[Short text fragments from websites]
---+---

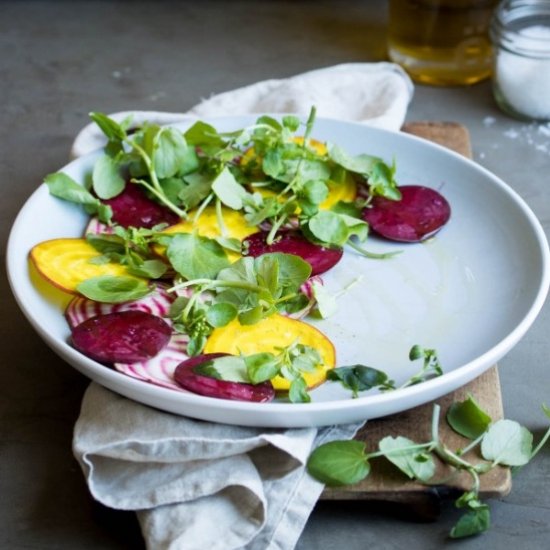 Vegan Beetroot Carpaccio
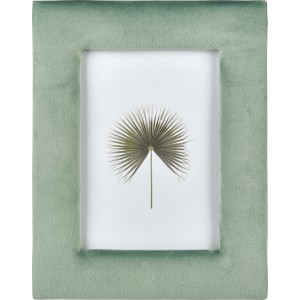 Bilderrahmen Safari Lodge MDF Samtoptik 13 cm x 18 cm Grün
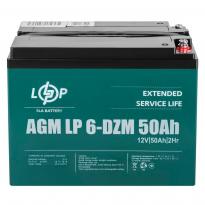 Тяговый свинцово-кислотный аккумулятор LP 6-DZM-50Ah 12V 10063 LogicPower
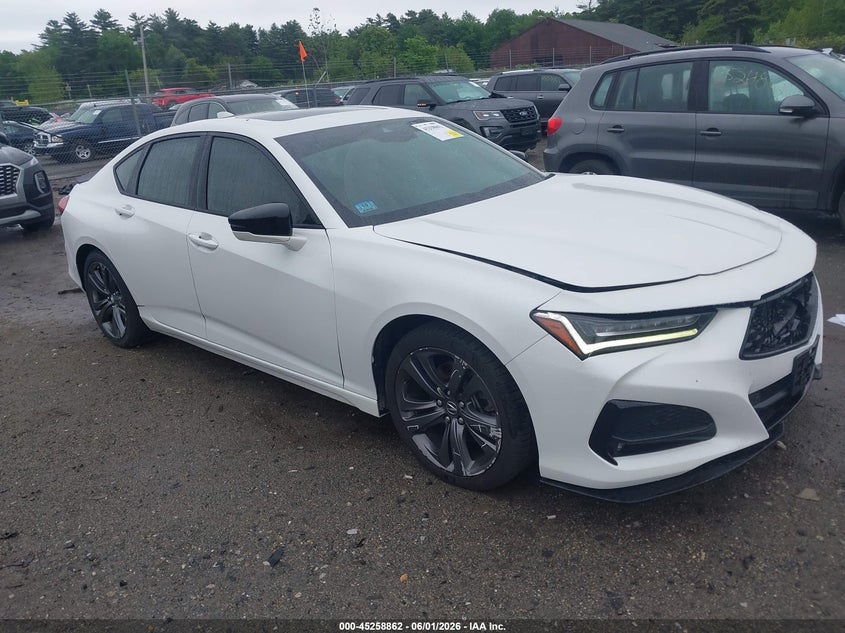 2021 Acura Tlx VIN 19UUB6F51MA002066 — IAAI salvage auction photo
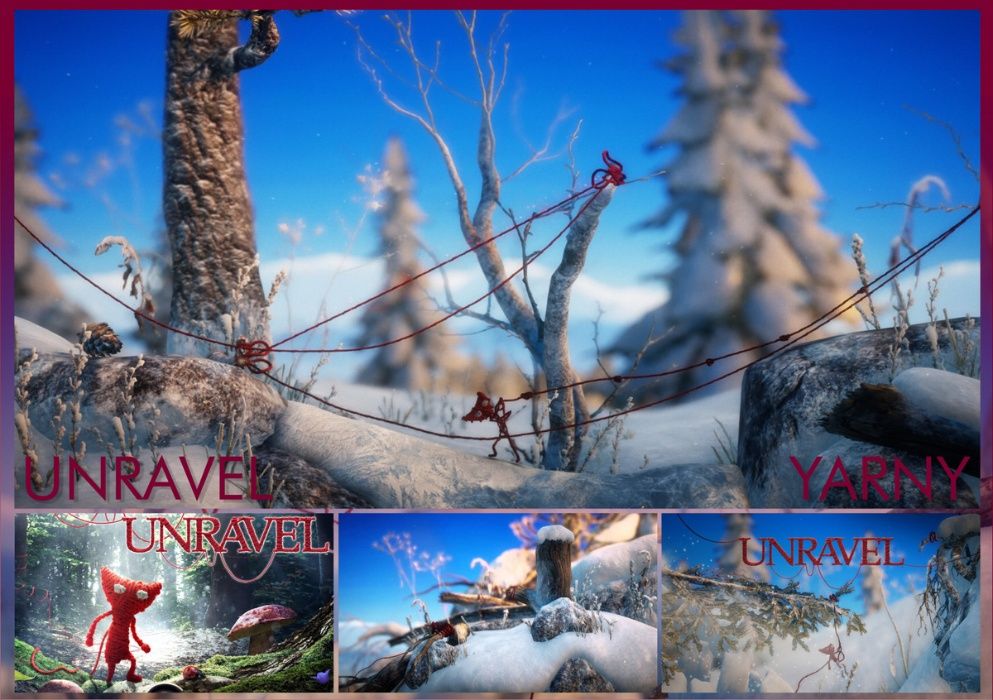 YARNY włóczka z gry UNRAVEL 5+ lat - wys. 23 cm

---+---

Each line from the one bearing "Тяговый свинцово-кислотный аккумулятор" through the final line of the records is to be copied exactly, and no pictures are to be included.

 Тяговый свинцово-кислотный аккумулятор LP 6-DZM-50Ah 12V 10063 LogicPower
 2021 Acura Tlx VIN 19UUB6F51MA002066 — IAAI salvage auction photo
 YARNY włóczka z gry UNRAVEL 5+ lat - wys. 23 cm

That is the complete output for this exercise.